AAPA Director General Mr. Subhas Menon in a statement said several Asia Pacific carriers may face an existential threat unless they get recapitalisation or fund injections. Although he did not state or pinpoint which airlines are affected.
September figures released by AAPA showed “markedly depressed levels” for passenger and cargo demand year on year, and the trade association sees “no recovery in sight.”
AAPA noted that although manufacturing conditions further improved globally, some Asian economies continue to face weakness in exports.
International air cargo demand, measured in freight tonne kilometres (FTK), fell 17.5 percent year-on-year in September, still a mild improvement from the 19.3 percent annual drop last month.
Offered freight capacity meanwhile contracted 29.9 percent, leading to a 10.6 percentage point jump in average international freight load factor to 70.6 percent, on par with the previous month.
On the passenger front, Asia Pacific airlines flew 1.1 million international passengers in September, 3.6 percent of the 30 million that travelled in September 2019.
Offered seat capacity was a little higher at 11 percent of last year’s level, whilst the international passenger load factor was 31.7 percent.
“Airlines are struggling to survive as international air travel remains severely curtailed by onerous travel restrictions. Without recapitalisation or fund injections, several of the region’s carriers face an existential threat. Thousands of aviation jobs are already lost, with more at risk,” said Mr. Menon.
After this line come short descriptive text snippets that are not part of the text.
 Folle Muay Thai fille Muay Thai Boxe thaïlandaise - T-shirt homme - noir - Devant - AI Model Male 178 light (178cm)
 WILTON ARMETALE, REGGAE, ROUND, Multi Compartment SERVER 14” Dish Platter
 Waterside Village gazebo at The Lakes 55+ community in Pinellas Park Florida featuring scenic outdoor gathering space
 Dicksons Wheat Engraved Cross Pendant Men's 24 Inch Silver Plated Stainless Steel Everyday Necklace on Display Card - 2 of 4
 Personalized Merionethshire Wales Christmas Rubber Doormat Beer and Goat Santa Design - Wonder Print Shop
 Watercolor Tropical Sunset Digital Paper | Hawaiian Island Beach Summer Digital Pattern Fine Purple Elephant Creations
Cathay Pacific, an AAPA member, earlier this month announced cuts affecting 5,900 jobs and shuttered its Dragon brand as part of a major restructuring.
The Hongkong airline said the cash burn was no longer sustainable given the slump in passenger demand and with no domestic market to fall back on. The carrier only saw 1,500 passengers per day in September, against the nearly 100,000 per day in a normal situation.
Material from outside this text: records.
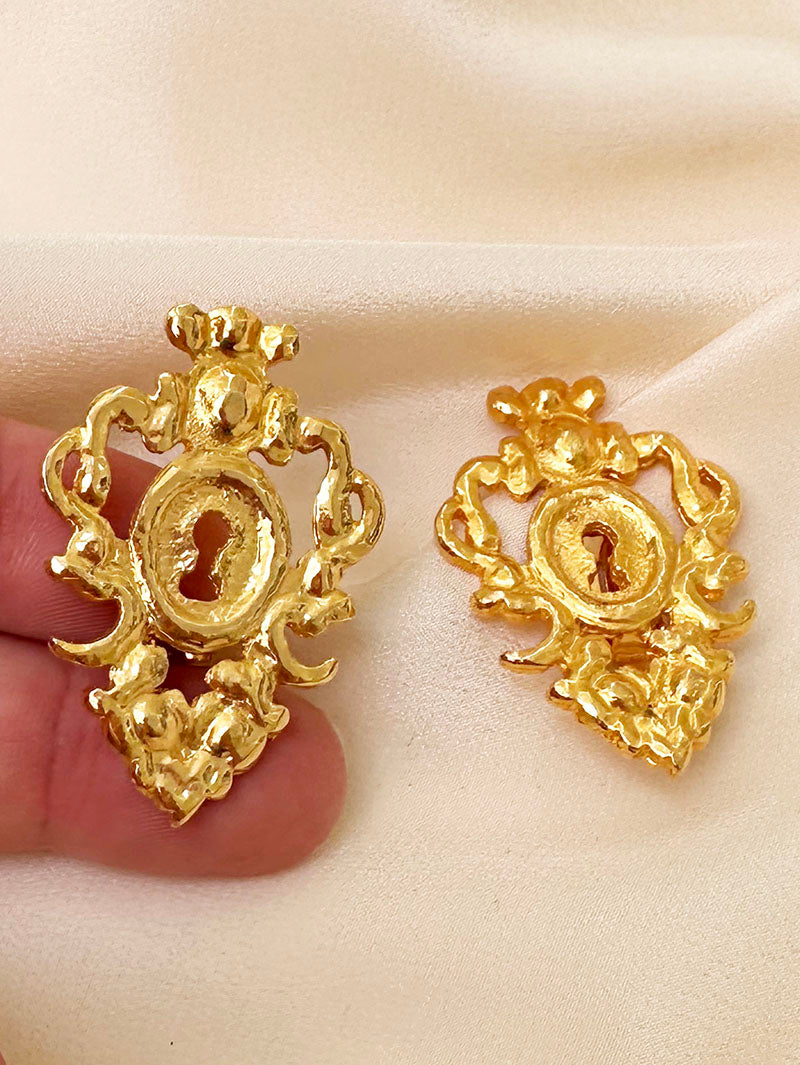Vergulde designer clip oorbellen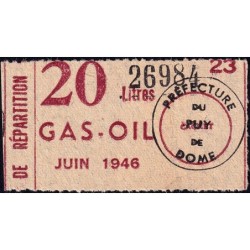 20 litre Gas-Oil - Juin 1946 - Puy-de-Dôme - Etat : TTB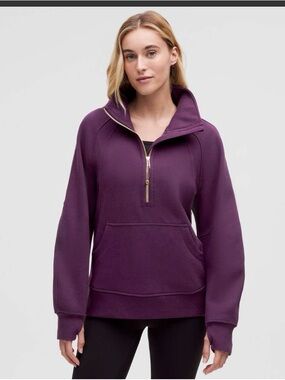 Lululemon Oversized  Half-Zip Funnel Neck Scuba - Dramatic Magenta/Gold~NWT
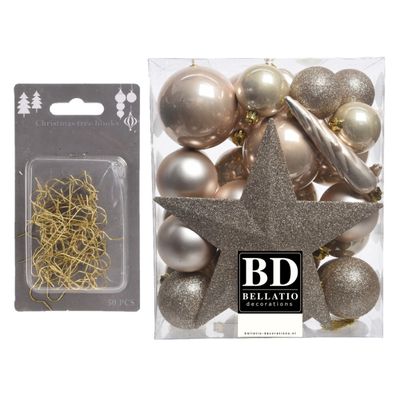 33x stuks kunststof kerstballen met ster piek parel/champagne inclusief gouden kerstboomhaakjes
AAPA’s director general again urged governments to implement consistent and coordinated measures based on objective risk assessment to help restore confidence in air travel
“While the establishment of green lanes and travel bubbles in the region is a positive first step, their disparate and restrictive requirements make it difficult for these to take off meaningfully,” Menon said.
Singapore and Hongkong have agreed in principle to creating an air travel bubble to restart passenger travel, with no formal details yet of the arrangement. Carriers from the two cities both heavily rely on cross-border travel.